Selon une enquête réalisée par le CROUS (Marseille), 25 % des étudiants n’ont pas 100 euros par mois pour manger, en France plus de 100 000 vivent en dessous du seuil de pauvreté, le Secours populaire collecte dans les restaurants universitaires, distribue des colis alimentaires… Depuis dix ans, nous assistons à une paupérisation, prolétarisation accrue des étudiants. Véritable « armée industrieuse de réserve », ils prennent la crise de plein fouet. Leur avenir incertain ne justifie en rien les sacrifices inouïs auxquels ils consentent ; leur proposer de s’endetter pour s’en sortir, selon le modèle subprime, est un scandale.
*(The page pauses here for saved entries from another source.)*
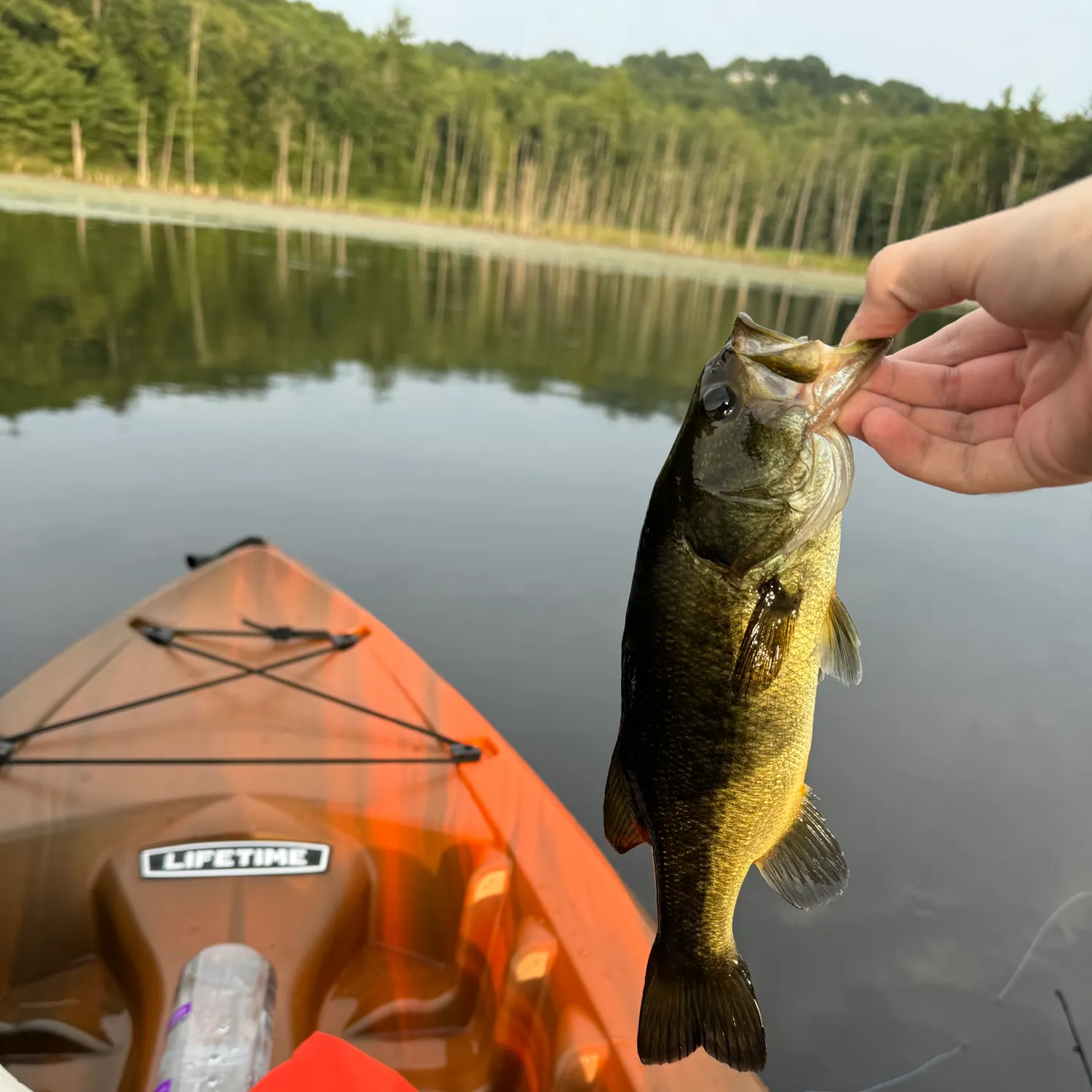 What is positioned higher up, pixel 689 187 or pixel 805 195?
pixel 805 195

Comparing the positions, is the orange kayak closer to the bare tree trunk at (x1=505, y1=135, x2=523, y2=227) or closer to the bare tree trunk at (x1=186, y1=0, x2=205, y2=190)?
the bare tree trunk at (x1=186, y1=0, x2=205, y2=190)

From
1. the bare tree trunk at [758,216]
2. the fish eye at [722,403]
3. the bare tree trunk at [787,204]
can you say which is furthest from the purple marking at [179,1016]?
the bare tree trunk at [787,204]

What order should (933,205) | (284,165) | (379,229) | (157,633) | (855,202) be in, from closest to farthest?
(157,633), (379,229), (284,165), (933,205), (855,202)

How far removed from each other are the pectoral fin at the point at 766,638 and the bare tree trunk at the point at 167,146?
176 ft

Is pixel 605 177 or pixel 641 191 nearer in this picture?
pixel 641 191

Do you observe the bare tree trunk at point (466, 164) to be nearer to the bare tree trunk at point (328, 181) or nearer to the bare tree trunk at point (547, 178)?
Answer: the bare tree trunk at point (547, 178)

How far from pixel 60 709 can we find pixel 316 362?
9.93 m

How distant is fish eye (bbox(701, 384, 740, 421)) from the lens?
1.27 m

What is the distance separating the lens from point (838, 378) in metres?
1.25

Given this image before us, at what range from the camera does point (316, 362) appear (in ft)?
39.5

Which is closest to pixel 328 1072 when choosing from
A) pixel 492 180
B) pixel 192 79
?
pixel 192 79

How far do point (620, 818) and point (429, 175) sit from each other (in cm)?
6577

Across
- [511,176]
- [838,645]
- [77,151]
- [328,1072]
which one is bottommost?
[328,1072]

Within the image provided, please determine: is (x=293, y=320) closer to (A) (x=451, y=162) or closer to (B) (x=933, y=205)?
(B) (x=933, y=205) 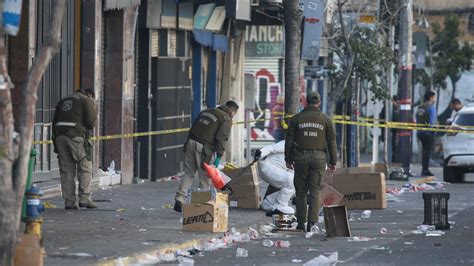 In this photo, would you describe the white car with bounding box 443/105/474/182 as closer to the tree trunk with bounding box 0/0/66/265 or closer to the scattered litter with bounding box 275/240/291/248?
the scattered litter with bounding box 275/240/291/248

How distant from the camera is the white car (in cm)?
2962

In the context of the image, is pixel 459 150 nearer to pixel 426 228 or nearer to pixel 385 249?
pixel 426 228

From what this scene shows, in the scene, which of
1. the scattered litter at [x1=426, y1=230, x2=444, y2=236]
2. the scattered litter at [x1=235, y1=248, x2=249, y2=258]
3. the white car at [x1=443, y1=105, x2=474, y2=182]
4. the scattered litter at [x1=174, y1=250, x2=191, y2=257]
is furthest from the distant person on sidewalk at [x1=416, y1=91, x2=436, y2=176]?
the scattered litter at [x1=174, y1=250, x2=191, y2=257]

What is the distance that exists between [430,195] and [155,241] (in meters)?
4.35

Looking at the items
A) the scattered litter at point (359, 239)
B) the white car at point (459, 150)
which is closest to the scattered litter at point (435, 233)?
the scattered litter at point (359, 239)

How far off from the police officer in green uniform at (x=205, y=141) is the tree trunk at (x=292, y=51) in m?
2.89

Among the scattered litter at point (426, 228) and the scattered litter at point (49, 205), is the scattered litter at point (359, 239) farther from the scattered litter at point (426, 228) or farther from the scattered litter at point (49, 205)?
the scattered litter at point (49, 205)

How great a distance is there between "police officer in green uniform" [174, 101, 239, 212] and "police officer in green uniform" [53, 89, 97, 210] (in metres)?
1.35

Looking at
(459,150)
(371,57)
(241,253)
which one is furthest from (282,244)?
(371,57)

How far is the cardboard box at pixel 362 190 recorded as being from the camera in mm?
21625

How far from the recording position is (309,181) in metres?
17.7

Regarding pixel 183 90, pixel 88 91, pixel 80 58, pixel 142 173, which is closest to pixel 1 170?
pixel 88 91

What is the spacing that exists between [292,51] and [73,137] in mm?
4590

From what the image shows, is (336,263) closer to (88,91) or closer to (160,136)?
(88,91) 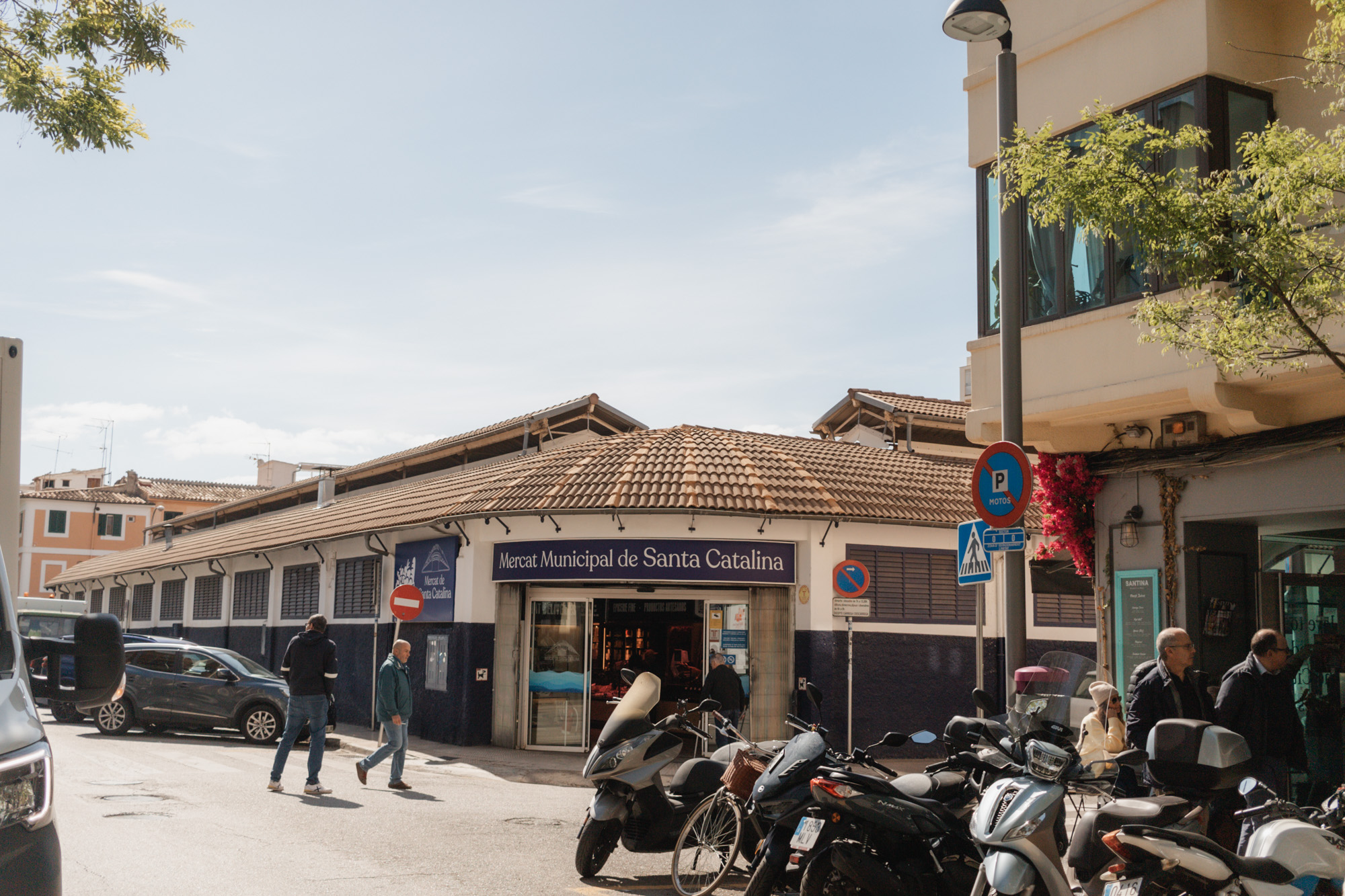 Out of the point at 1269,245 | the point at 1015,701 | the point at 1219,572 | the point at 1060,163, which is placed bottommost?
the point at 1015,701

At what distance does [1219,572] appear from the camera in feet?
38.3

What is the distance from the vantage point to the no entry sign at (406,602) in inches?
766

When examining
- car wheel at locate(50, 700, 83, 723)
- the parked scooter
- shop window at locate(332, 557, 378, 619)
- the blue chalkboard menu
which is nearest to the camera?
the parked scooter

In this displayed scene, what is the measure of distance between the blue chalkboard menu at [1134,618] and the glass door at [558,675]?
1004cm

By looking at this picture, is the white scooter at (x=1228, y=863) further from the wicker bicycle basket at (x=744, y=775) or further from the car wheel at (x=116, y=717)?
the car wheel at (x=116, y=717)

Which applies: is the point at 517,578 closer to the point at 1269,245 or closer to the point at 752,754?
the point at 752,754

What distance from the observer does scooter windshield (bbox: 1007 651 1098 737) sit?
21.5ft

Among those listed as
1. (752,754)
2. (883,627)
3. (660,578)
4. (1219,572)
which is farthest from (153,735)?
(1219,572)

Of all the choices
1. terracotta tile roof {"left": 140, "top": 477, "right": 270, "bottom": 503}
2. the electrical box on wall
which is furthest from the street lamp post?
terracotta tile roof {"left": 140, "top": 477, "right": 270, "bottom": 503}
Main-d’oeuvre juvénile, souvent soumise, ils se plient aux conditions des stages non rémunérés, aux petits boulots payés au lance-pierres, travail au noir compris. Depuis novembre 2008, à Marseille, l’intérim est divisé par deux, les travailleurs précaires dont nombre d’étudiants n’ont plus de ressources pour vivre. Pour autant, la conscience de classe se développe-t-elle ? On le sait, la précarité est un obstacle à la lutte et à la conscience. Marginalisé, fragilisé, le travailleur pauvre ou l’étudiant pauvre y regardent à deux fois avant de s’engager. La conquête des droits se pose souvent comme opposée à la survie, quand demain est absolument incertain. Tout faux pas, tout risque, le ticket de bus, de métro, de resto U est compté, et parfois on hésite, on a peur, on se désolidarise ; d’autres fois on fait le pas, on s’engage, la peur de perdre le semestre, et donc la bourse.

Le travail, le travail salarié, la moitié d’entre eux connaissent depuis très jeunes. Certaines filles aident aux tâches ménagères depuis l’âge de six ans ; véritables mères de substitution, elles prennent à bras-le-corps la famille.
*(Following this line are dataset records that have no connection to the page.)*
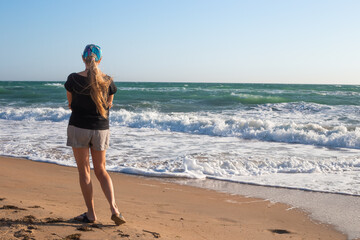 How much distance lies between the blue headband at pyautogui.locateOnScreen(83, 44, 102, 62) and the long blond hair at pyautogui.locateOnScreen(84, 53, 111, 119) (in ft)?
0.09

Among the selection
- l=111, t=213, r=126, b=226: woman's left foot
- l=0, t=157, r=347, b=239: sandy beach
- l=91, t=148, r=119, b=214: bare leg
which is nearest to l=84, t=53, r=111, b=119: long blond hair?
l=91, t=148, r=119, b=214: bare leg

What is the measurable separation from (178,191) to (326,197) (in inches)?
80.9

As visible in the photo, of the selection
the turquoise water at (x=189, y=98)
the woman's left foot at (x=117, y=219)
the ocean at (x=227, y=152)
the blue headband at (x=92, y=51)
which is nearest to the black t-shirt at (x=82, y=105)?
the blue headband at (x=92, y=51)

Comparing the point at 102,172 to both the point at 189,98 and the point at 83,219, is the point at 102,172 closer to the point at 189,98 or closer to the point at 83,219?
the point at 83,219

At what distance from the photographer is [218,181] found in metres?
5.79

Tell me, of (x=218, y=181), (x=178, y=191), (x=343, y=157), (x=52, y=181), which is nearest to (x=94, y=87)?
(x=178, y=191)

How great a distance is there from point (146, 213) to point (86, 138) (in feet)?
4.30

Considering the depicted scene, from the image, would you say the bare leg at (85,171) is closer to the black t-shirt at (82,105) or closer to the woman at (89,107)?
the woman at (89,107)

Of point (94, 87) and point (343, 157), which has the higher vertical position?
point (94, 87)

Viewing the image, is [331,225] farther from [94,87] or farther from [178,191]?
[94,87]

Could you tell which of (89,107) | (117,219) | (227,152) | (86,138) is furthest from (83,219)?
(227,152)

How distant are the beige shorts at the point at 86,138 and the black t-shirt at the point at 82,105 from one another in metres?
0.03

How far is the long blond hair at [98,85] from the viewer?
289 centimetres

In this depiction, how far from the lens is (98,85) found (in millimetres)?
2908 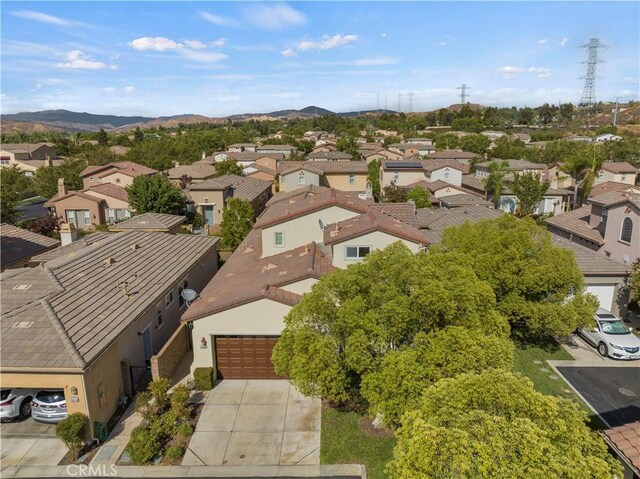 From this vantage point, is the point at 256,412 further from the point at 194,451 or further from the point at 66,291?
the point at 66,291

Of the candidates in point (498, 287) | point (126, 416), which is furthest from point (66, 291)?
point (498, 287)

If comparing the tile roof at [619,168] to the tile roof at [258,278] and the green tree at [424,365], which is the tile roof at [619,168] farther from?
the green tree at [424,365]

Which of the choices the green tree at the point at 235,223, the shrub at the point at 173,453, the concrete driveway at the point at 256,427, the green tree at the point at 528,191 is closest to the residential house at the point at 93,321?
the shrub at the point at 173,453

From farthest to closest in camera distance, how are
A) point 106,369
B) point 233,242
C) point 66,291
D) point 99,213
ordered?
point 99,213, point 233,242, point 66,291, point 106,369

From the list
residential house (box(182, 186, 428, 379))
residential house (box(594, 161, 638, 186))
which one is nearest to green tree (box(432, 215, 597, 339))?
residential house (box(182, 186, 428, 379))

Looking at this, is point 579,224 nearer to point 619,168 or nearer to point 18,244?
point 619,168

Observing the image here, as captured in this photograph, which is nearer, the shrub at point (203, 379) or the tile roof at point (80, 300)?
the tile roof at point (80, 300)

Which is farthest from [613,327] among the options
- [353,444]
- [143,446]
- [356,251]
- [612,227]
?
[143,446] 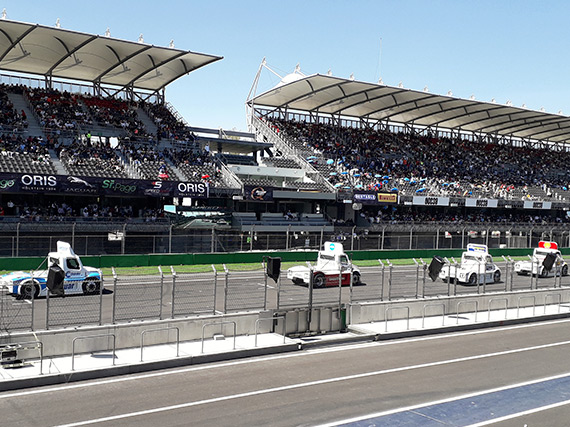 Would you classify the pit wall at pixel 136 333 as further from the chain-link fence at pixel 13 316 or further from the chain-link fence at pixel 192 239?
the chain-link fence at pixel 192 239

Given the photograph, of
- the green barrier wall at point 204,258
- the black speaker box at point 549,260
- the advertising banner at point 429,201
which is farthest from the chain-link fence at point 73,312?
the advertising banner at point 429,201

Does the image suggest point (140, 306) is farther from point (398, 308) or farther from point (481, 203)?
point (481, 203)

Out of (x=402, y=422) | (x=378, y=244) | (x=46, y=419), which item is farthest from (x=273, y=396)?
(x=378, y=244)

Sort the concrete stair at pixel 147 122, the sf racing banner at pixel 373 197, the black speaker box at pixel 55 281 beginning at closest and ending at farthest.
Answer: the black speaker box at pixel 55 281, the sf racing banner at pixel 373 197, the concrete stair at pixel 147 122

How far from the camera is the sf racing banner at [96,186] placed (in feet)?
112

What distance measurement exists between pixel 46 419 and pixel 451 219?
5002cm

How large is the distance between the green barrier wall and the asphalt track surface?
16878 millimetres

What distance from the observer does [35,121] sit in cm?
4297

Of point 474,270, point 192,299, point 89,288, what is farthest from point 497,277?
point 89,288

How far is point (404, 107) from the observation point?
60.0m

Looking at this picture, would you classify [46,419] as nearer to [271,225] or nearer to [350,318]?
[350,318]

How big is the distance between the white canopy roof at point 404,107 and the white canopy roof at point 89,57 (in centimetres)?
1012

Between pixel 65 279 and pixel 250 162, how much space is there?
3228cm

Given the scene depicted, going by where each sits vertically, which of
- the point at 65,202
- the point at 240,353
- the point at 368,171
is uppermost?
the point at 368,171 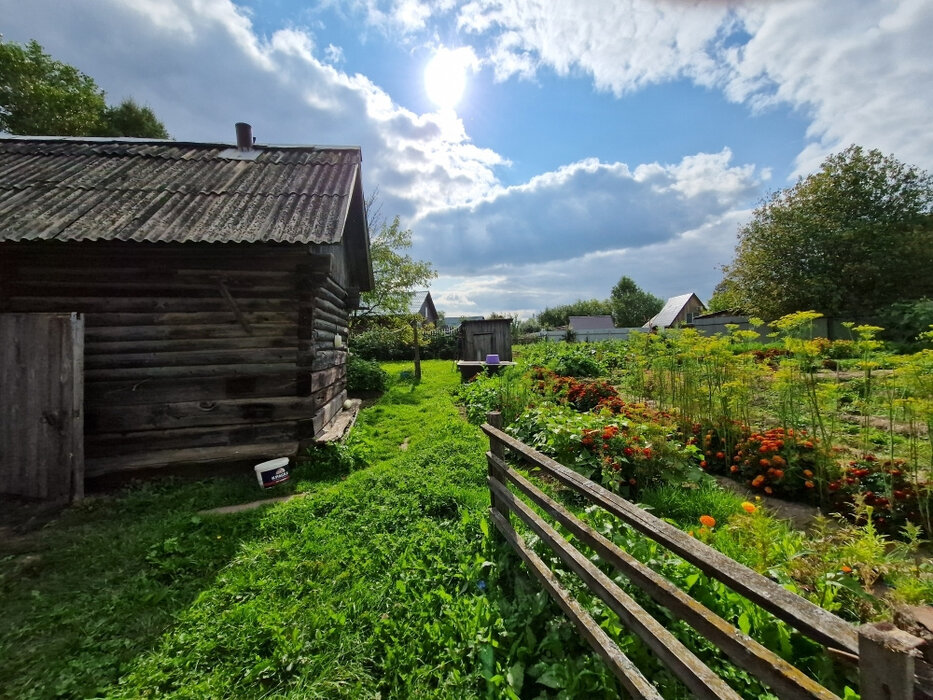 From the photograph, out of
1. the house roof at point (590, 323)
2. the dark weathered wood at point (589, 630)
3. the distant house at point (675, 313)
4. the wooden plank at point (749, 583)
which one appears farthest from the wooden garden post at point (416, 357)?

À huit ans, des fils accompagnent leurs mères faire les ménages, les pères sur les chantiers. Pour trois sous, ils sacrifient une adolescence volée…
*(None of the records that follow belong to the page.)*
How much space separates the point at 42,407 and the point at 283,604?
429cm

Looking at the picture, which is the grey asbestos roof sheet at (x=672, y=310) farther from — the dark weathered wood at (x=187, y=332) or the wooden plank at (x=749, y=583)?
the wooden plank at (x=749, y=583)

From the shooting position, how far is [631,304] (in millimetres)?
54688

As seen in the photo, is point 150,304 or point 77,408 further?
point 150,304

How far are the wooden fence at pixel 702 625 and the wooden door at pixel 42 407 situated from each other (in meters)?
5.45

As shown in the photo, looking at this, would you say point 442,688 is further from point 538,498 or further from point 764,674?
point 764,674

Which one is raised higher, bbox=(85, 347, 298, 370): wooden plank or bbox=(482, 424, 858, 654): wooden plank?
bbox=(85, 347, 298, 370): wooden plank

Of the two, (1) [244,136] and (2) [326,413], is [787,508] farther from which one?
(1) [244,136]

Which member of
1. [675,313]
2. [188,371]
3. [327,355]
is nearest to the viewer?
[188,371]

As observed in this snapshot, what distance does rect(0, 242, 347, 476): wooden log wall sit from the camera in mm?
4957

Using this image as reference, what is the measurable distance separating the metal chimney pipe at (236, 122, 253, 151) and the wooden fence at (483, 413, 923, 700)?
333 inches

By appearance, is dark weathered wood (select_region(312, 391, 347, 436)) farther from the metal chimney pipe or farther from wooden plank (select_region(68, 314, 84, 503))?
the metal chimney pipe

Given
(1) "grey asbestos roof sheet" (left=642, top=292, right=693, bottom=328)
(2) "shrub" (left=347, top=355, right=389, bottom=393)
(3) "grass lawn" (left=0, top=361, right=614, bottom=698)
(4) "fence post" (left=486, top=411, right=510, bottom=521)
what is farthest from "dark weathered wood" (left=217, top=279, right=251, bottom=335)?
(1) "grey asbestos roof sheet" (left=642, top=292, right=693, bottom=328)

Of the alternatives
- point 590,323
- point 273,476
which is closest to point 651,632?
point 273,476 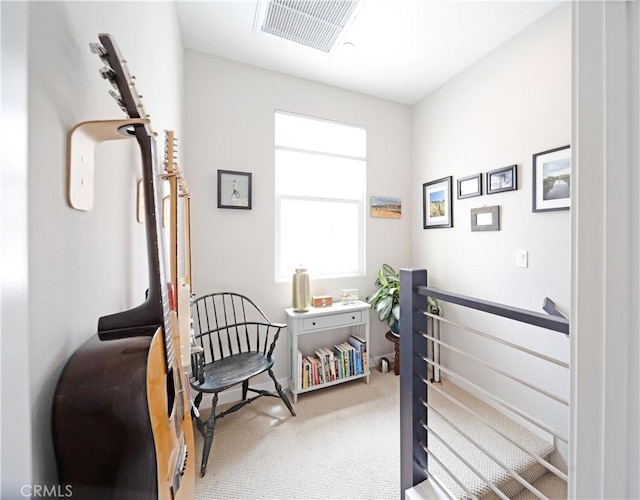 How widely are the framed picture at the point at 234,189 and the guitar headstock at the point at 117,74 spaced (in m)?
1.59

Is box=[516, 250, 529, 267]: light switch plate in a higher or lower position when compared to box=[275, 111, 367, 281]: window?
lower

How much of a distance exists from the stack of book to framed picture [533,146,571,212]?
1.83 m

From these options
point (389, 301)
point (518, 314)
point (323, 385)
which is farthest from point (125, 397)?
point (389, 301)

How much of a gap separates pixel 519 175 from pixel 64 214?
254 centimetres

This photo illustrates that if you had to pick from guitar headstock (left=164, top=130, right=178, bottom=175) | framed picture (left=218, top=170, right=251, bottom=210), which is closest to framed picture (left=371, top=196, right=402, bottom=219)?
framed picture (left=218, top=170, right=251, bottom=210)

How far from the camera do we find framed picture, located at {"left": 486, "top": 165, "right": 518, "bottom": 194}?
1.96 m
Puis, vient le temps de l’exploitation légale des Quick, McDo, péages d’autoroute, l’intérim à décrasser la cale des navires… Paradoxalement, s’ils dénoncent les conditions de travail, les étudiants ne remettent pas en cause l’exploitation comme forme générale et générique, ils ont le sentiment qu’ils ne font que passer : ils subissent, ils enchaînent, ils n’ont pas le choix. Ils prennent rarement contact avec les syndicats, quand ils existent. Très peu d’entre eux sont syndicalisés dans les organisations étudiantes (UNEF, UEC, SUD).

Hiatus profond, l’individualisme et le fatalisme ont fait des ravages sur plusieurs générations, laissant aujourd’hui de nombreux jeunes en panne d’inventivité révolutionnaire. Il ne suffit pas de s’opposer (CPE, LRU) pour être une force transformatrice, créatrice de nouveaux rapports sociaux, d’une radicalité qui fait largement défaut, quant à remettre en cause la toute-puissance financière, celle qui précisément fait de vous une armée industrieuse de réserve. La situation est encore plus complexe au sein des rapports sociaux qui nouent l’université et dans lesquels les étudiants sont pris, dans l’espoir d’un diplôme ouvrant sur un emploi ! Ici encore, la responsabilité des pouvoirs est masquée, l’incapacité intériorisée, en termes d’orientation, d’incompétence, de trop peu d’expérience, comme si le but de l’accumulation capitaliste était la création d’emplois, stables, durables !

L’université vit cette contradiction d’une manière paradoxale, à vouloir lui faire intérioriser la norme capitaliste, y compris dans la pensée du travail universitaire, tous ne voient pas que les étudiants sont pris dans une double injonction à se soumettre tout en espérant. La nouvelle armée industrieuse de réserve, dont on utilise les muscles, les nerfs, les cerveaux, l’espoir, doit prendre conscience de son rôle et de sa puissance. La puissance à penser, inventer, se révolter, s’organiser, s’allier. Ici, la conscience de classe pourrait venir de l’intérieur : chaque étudiant s’autorise à renouer avec son origine, son origine de classe, sociale, populaire. Nous sommes tous des enfants d’immigrés, qui devraient lutter aux côtés des sans-papiers !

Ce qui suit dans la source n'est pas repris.